# [Material provided]
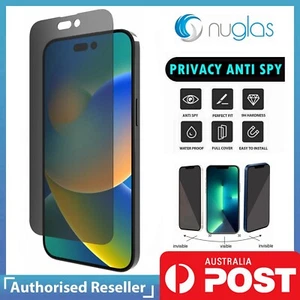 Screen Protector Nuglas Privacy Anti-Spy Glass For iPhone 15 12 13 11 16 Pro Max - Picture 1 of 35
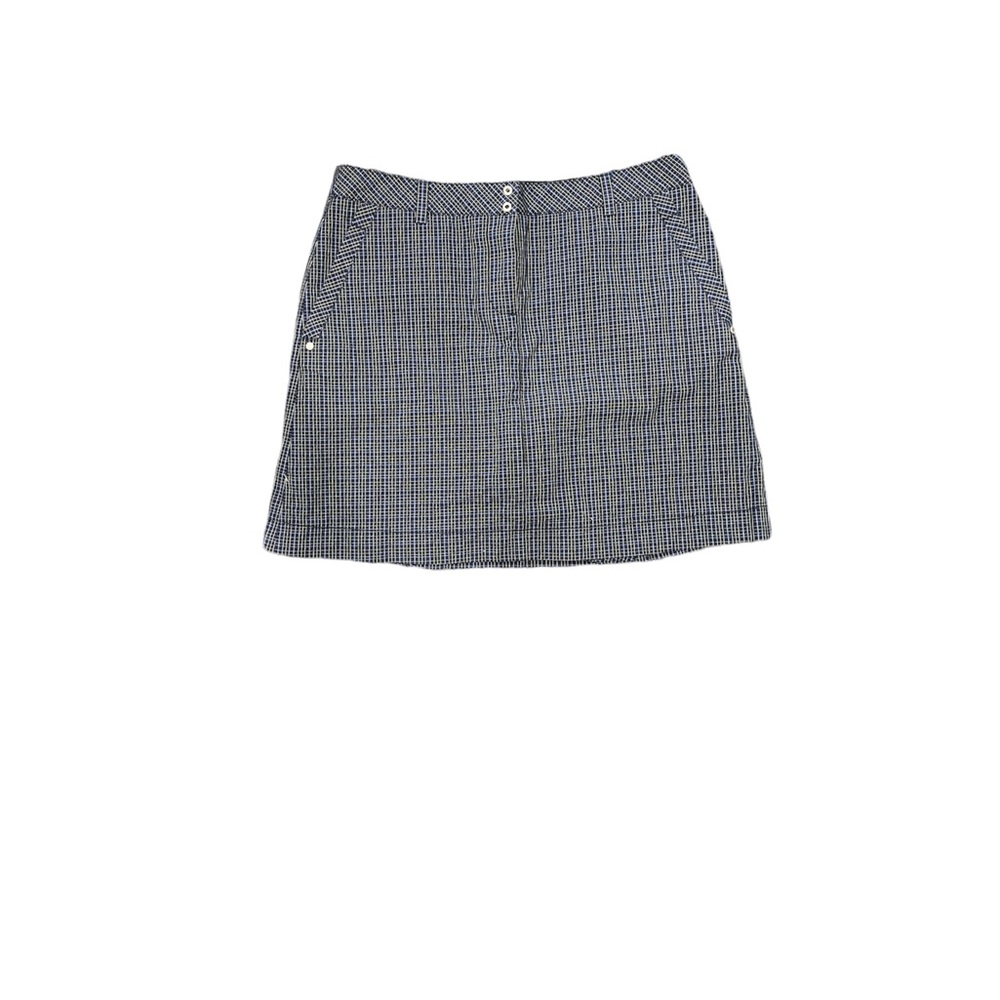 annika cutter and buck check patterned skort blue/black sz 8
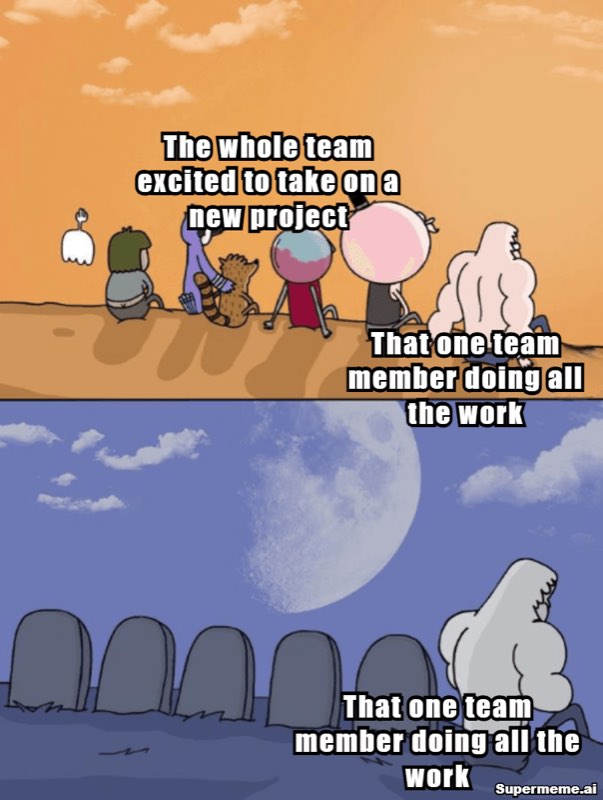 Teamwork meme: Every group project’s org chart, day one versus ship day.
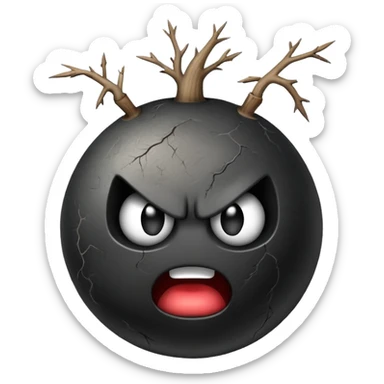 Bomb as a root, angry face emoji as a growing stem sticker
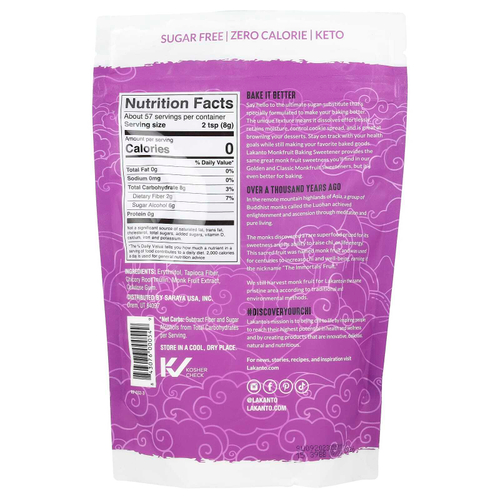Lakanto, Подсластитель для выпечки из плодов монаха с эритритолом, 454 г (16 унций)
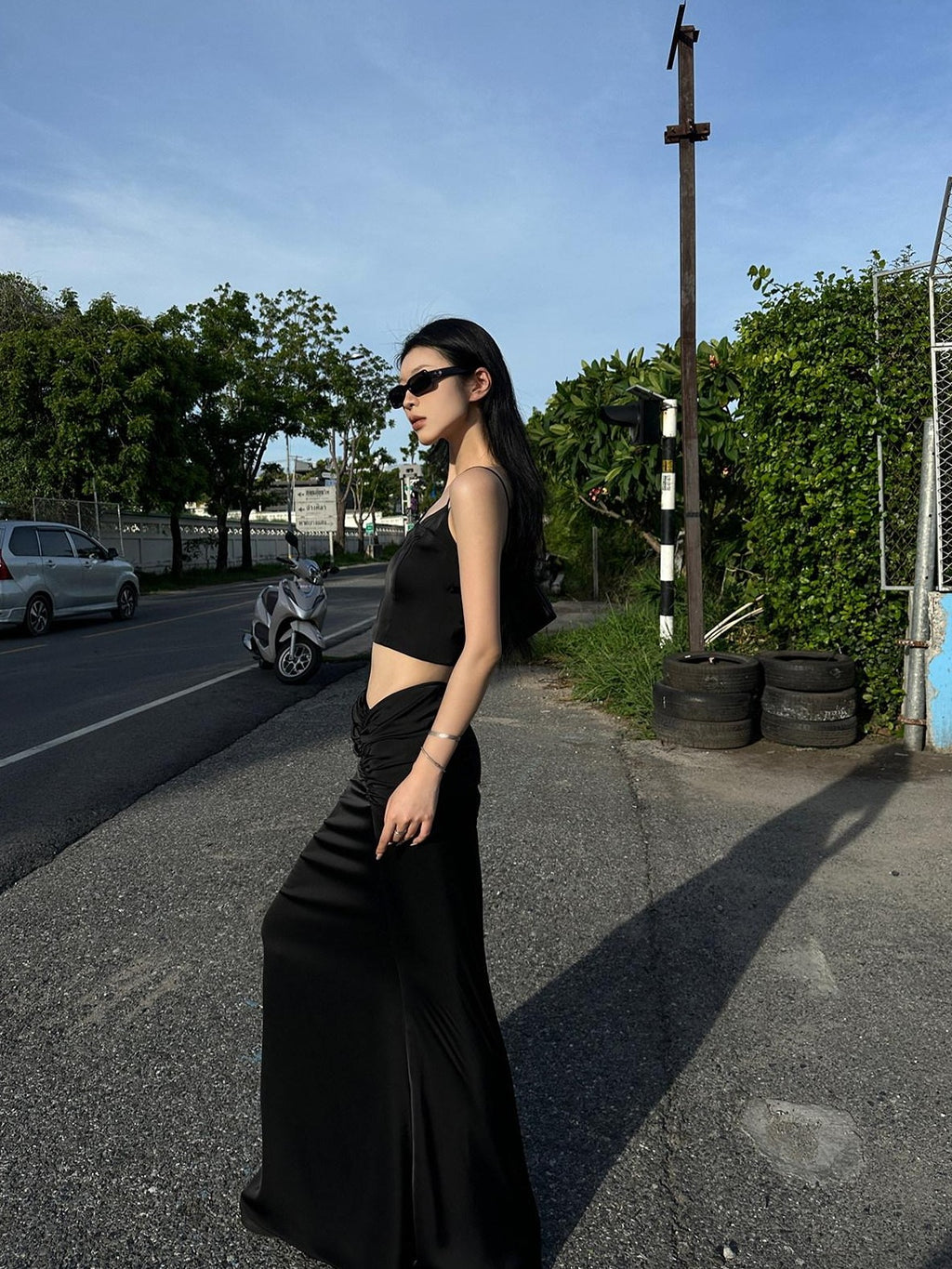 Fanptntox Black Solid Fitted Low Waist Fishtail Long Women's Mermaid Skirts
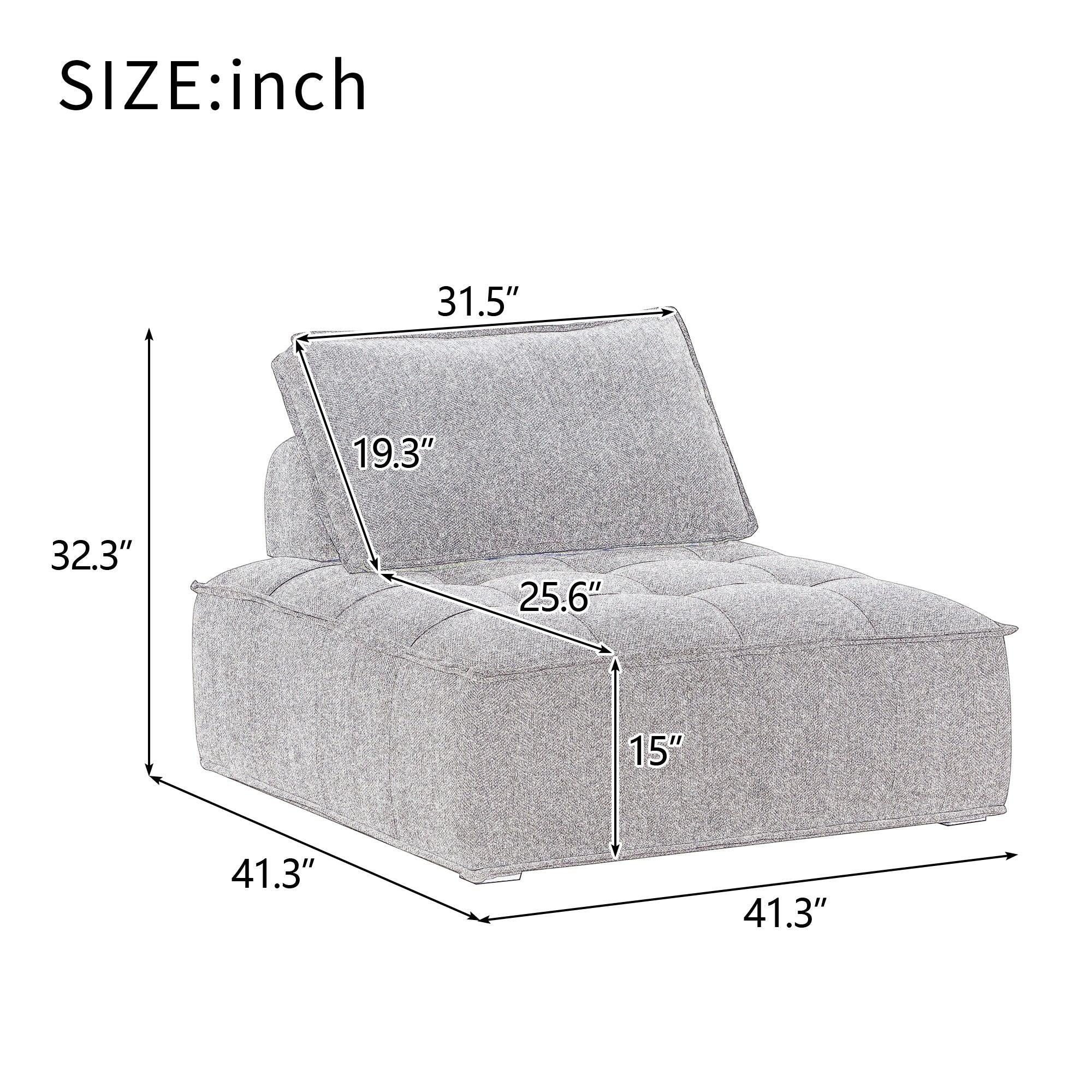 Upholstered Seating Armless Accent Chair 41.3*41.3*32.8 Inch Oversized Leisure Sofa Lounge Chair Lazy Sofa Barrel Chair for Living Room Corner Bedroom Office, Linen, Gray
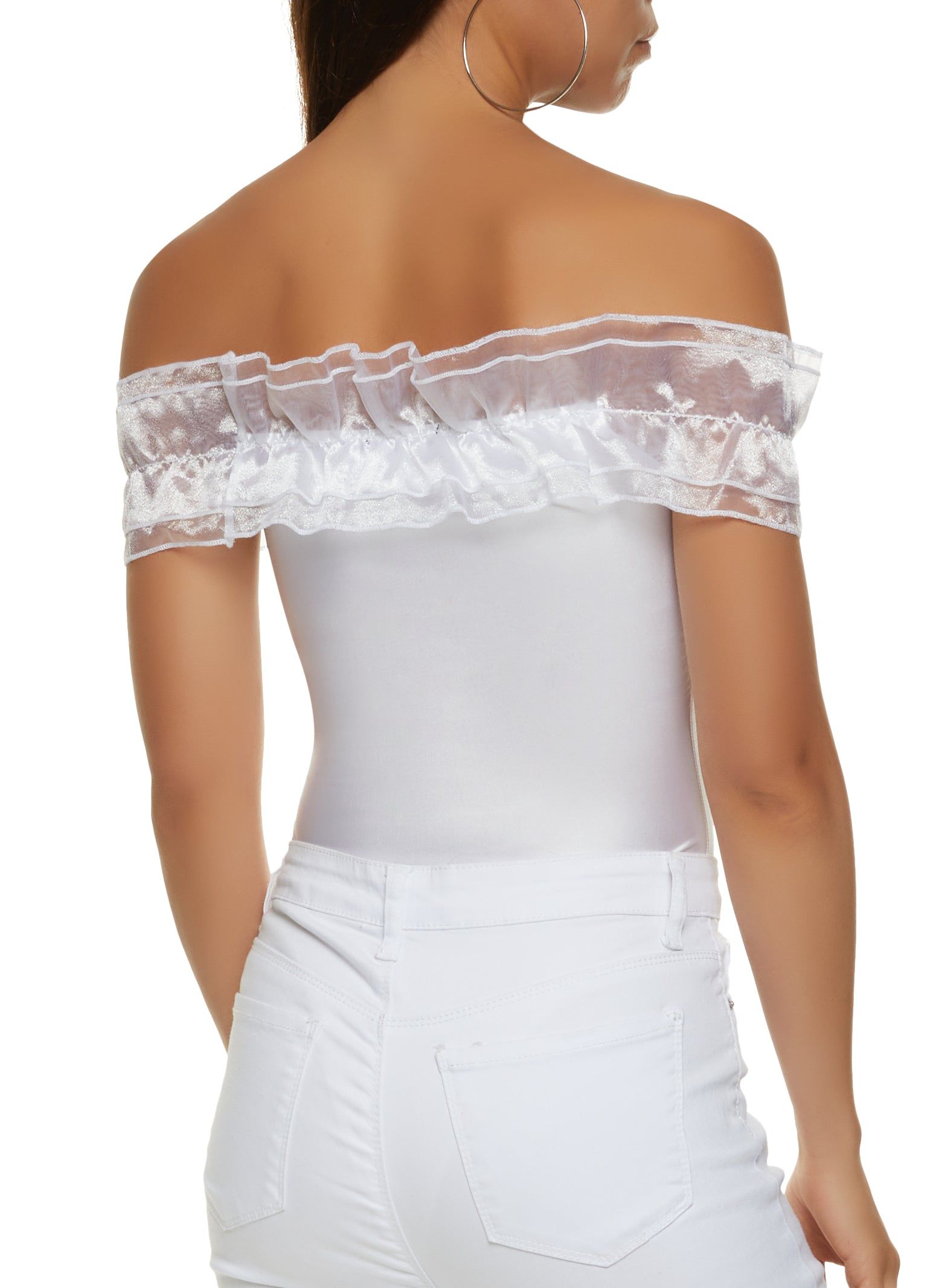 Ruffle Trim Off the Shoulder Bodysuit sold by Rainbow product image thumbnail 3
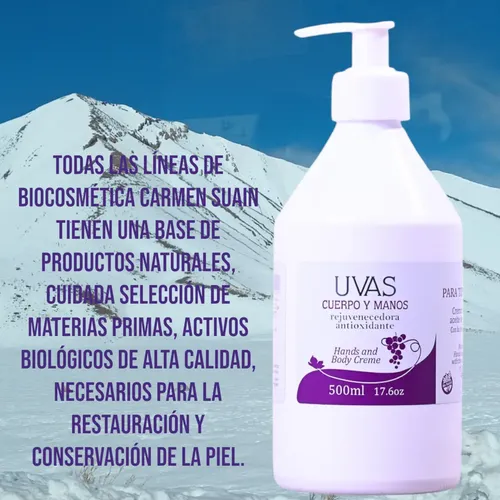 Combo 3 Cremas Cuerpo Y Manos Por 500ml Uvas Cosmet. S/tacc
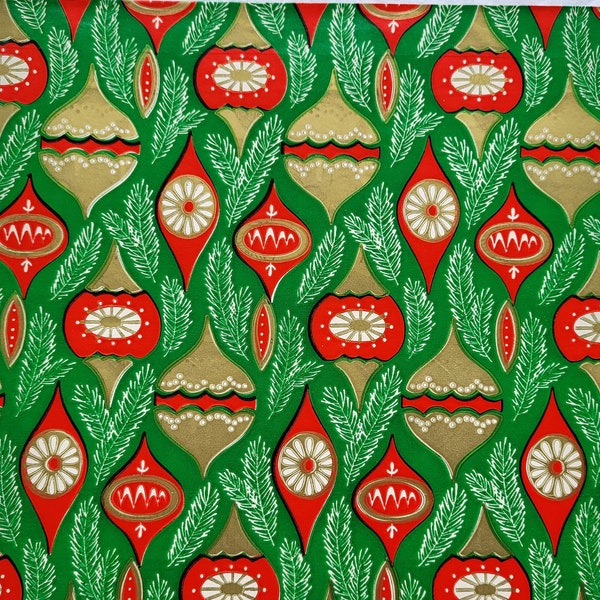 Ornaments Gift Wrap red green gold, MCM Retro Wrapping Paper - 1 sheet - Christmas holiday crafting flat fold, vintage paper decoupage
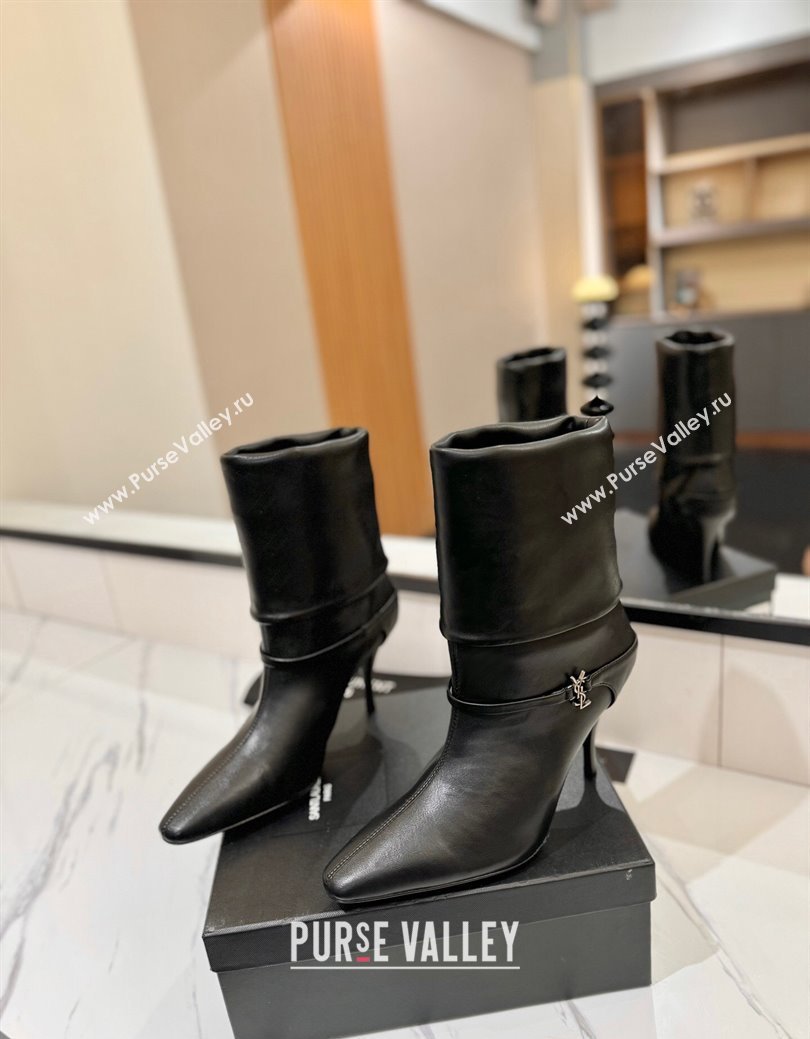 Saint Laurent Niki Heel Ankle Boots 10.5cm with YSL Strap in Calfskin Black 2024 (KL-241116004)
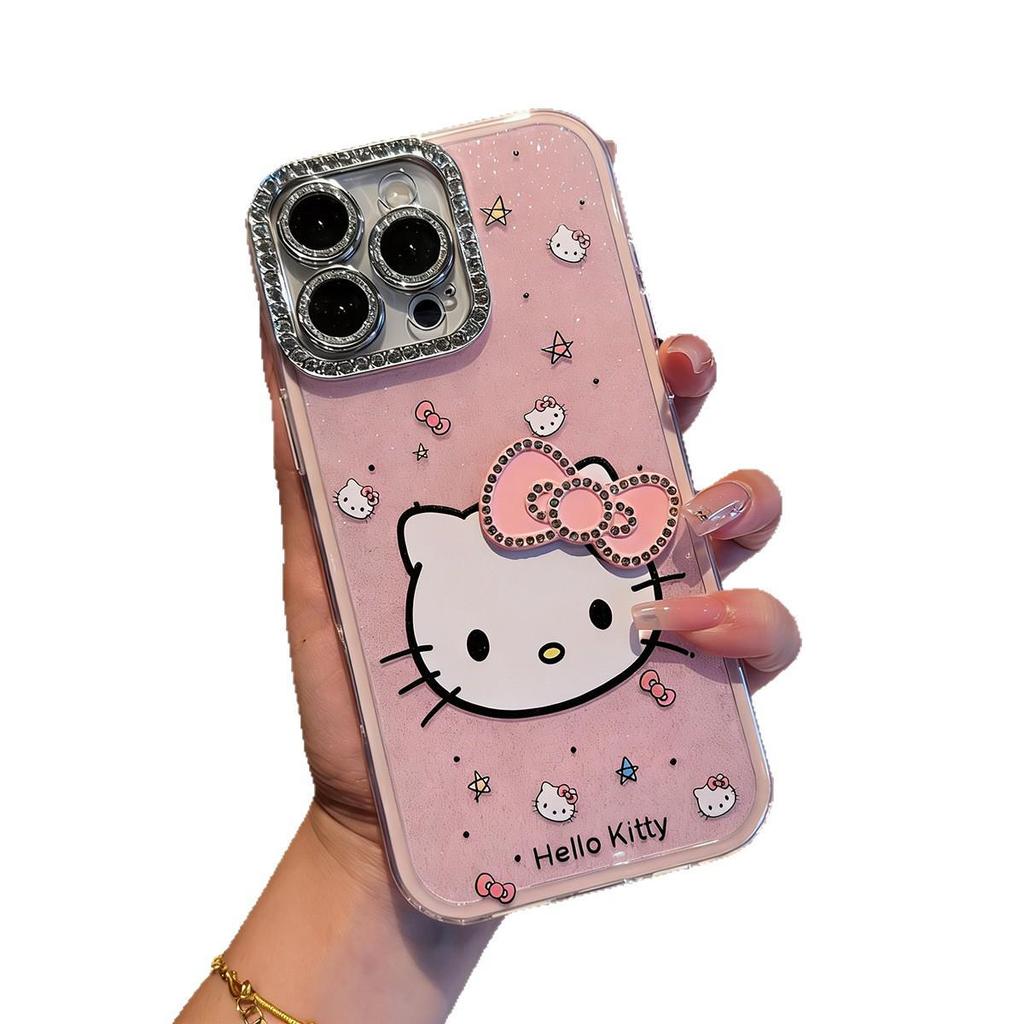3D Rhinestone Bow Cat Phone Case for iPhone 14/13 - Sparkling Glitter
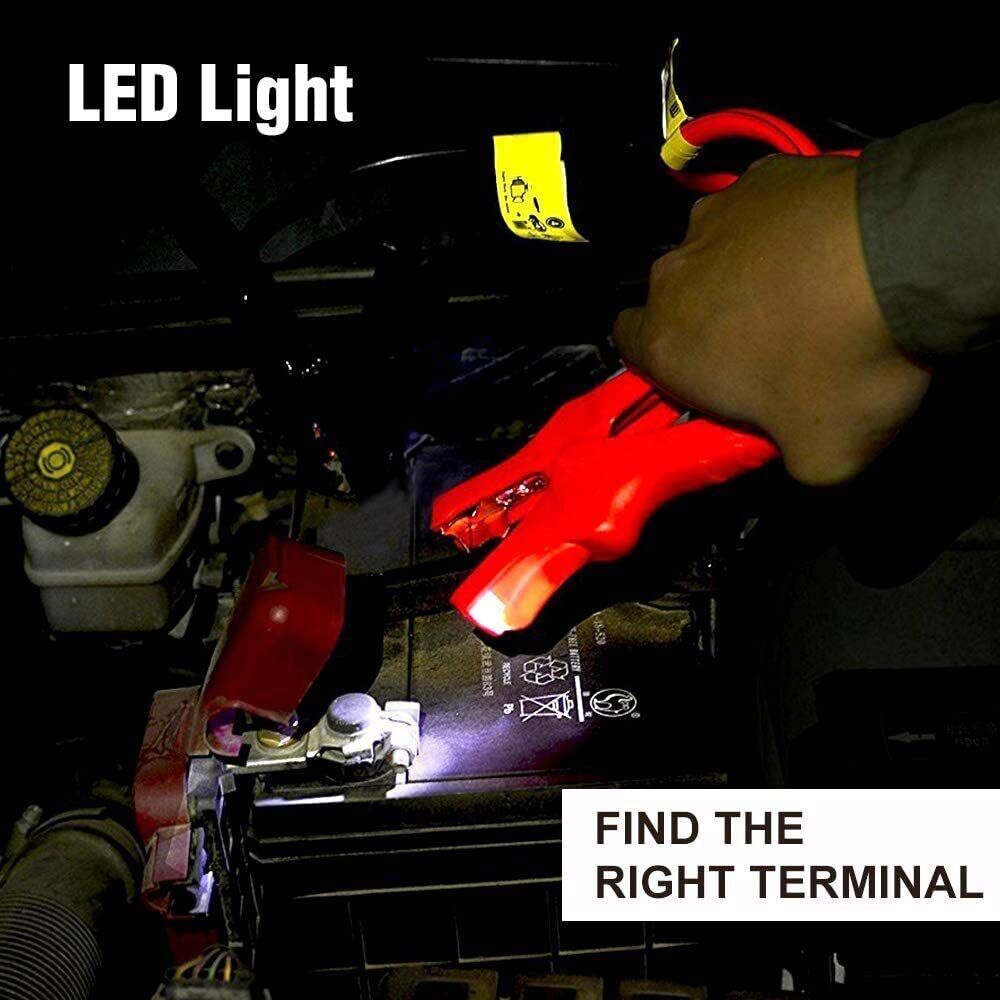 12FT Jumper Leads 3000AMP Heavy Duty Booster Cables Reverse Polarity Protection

# [Assignment]
Return only the lines from the one that contains "Ornaments Gift Wrap" through the closing line of the data, inclusive, reproduced exactly and with every picture left out.

# [Written answer]
 Ornaments Gift Wrap red green gold, MCM Retro Wrapping Paper - 1 sheet - Christmas holiday crafting flat fold, vintage paper decoupage
 Saint Laurent Niki Heel Ankle Boots 10.5cm with YSL Strap in Calfskin Black 2024 (KL-241116004)
3D Rhinestone Bow Cat Phone Case for iPhone 14/13 - Sparkling Glitter
 12FT Jumper Leads 3000AMP Heavy Duty Booster Cables Reverse Polarity Protection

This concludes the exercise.